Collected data
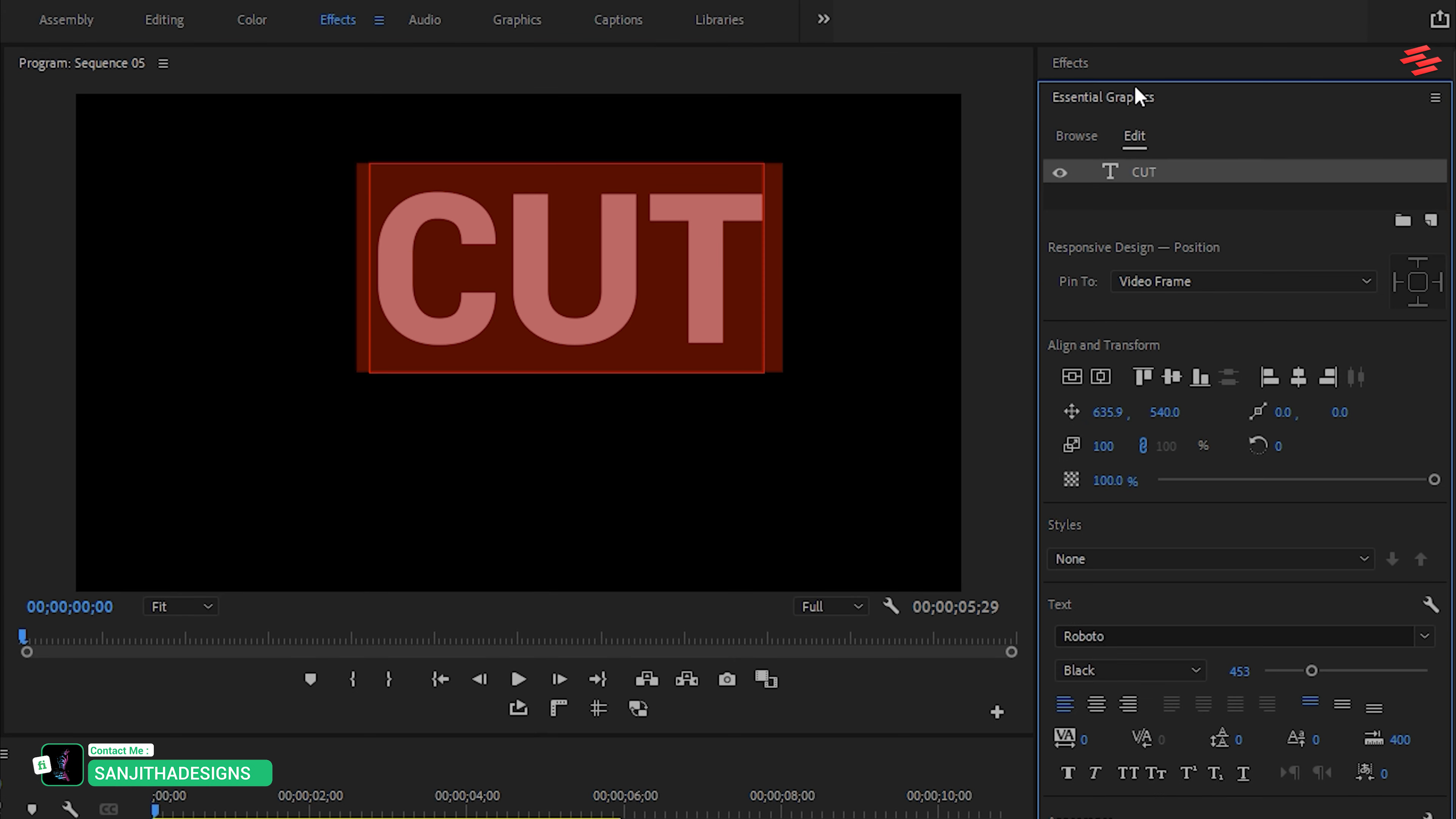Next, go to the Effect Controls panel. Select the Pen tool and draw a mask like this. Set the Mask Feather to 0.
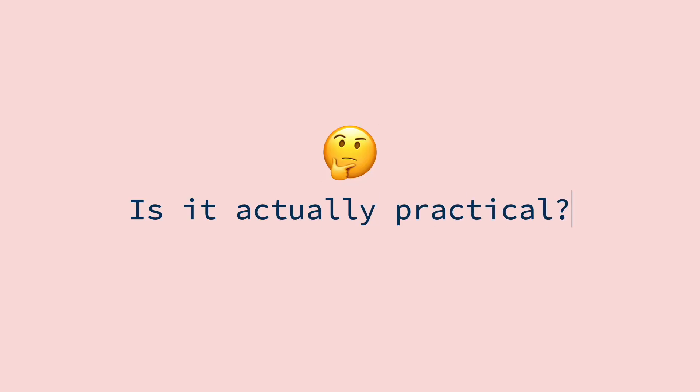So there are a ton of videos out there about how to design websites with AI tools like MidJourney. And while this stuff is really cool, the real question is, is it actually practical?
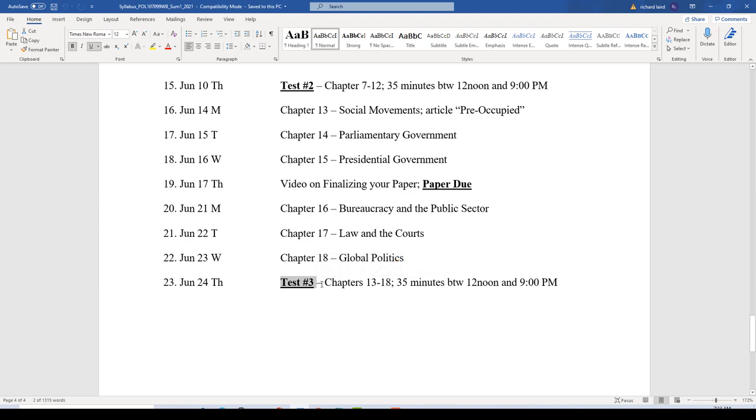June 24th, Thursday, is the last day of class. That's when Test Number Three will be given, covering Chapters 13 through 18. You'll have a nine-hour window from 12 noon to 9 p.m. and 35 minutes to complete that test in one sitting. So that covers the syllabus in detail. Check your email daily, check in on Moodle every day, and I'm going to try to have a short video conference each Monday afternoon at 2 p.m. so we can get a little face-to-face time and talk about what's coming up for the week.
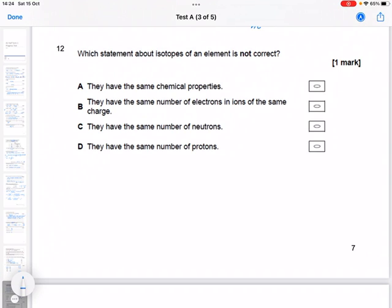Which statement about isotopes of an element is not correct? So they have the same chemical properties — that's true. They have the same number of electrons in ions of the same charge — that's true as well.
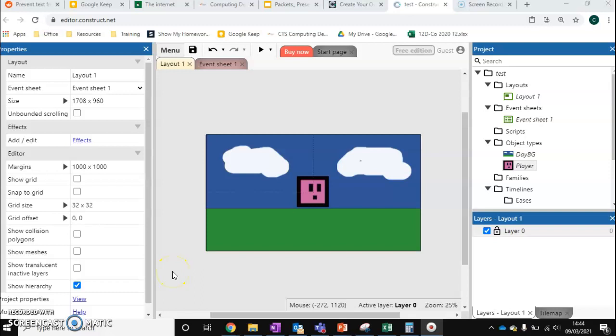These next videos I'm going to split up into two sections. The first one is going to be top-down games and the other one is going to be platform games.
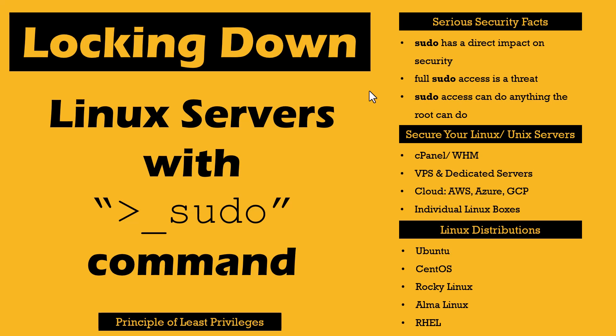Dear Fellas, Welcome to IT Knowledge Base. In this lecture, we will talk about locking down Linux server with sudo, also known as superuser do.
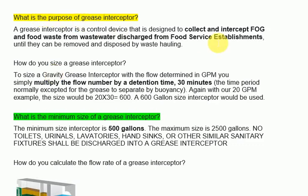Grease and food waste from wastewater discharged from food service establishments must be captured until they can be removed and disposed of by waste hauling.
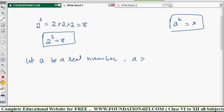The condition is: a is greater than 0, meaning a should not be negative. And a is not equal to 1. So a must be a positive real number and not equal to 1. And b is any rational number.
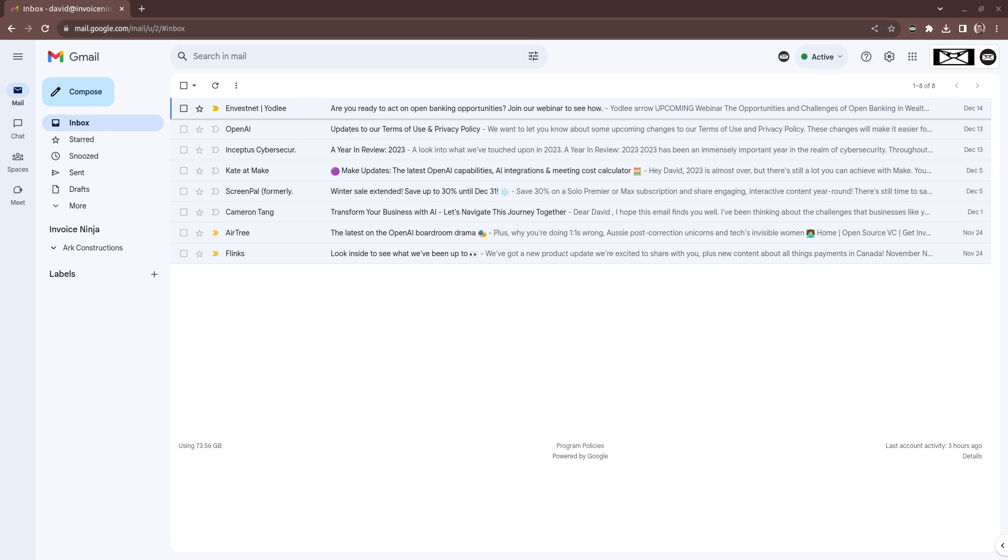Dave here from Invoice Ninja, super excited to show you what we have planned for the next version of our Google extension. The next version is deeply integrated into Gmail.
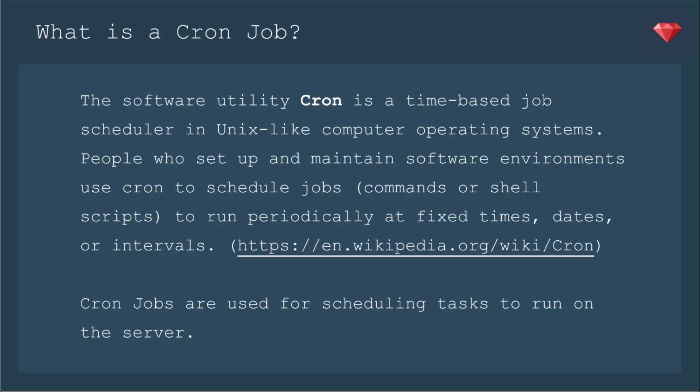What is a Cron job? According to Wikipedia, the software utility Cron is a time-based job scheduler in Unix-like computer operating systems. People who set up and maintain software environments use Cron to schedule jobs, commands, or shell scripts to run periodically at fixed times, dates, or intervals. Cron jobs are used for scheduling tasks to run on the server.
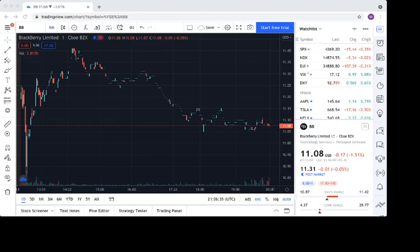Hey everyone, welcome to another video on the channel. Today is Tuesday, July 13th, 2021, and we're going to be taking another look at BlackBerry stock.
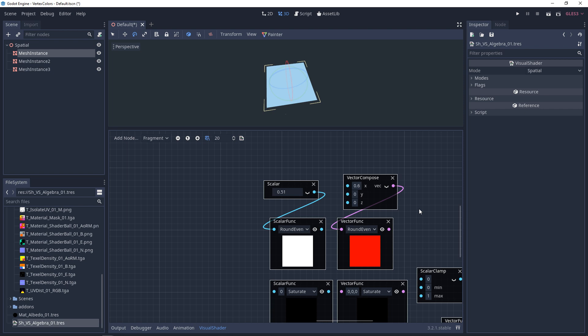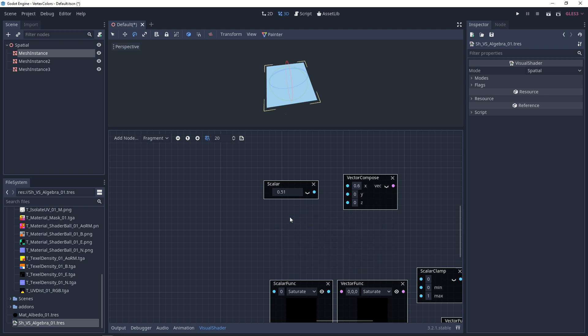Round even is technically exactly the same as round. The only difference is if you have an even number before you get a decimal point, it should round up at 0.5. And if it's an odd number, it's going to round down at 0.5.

Brief >> What is needed is an exact copy of the lines above, from the one holding "Which statement about" down to the one holding "Dave here from", with those two included and the pictures left out.

Exercise result >>
Which statement about isotopes of an element is not correct? So they have the same chemical properties — that's true. They have the same number of electrons in ions of the same charge — that's true as well.
These next videos I'm going to split up into two sections. The first one is going to be top-down games and the other one is going to be platform games.
Dear Fellas, Welcome to IT Knowledge Base. In this lecture, we will talk about locking down Linux server with sudo, also known as superuser do.
Grease and food waste from wastewater discharged from food service establishments must be captured until they can be removed and disposed of by waste hauling.
The condition is: a is greater than 0, meaning a should not be negative. And a is not equal to 1. So a must be a positive real number and not equal to 1. And b is any rational number.
Dave here from Invoice Ninja, super excited to show you what we have planned for the next version of our Google extension. The next version is deeply integrated into Gmail.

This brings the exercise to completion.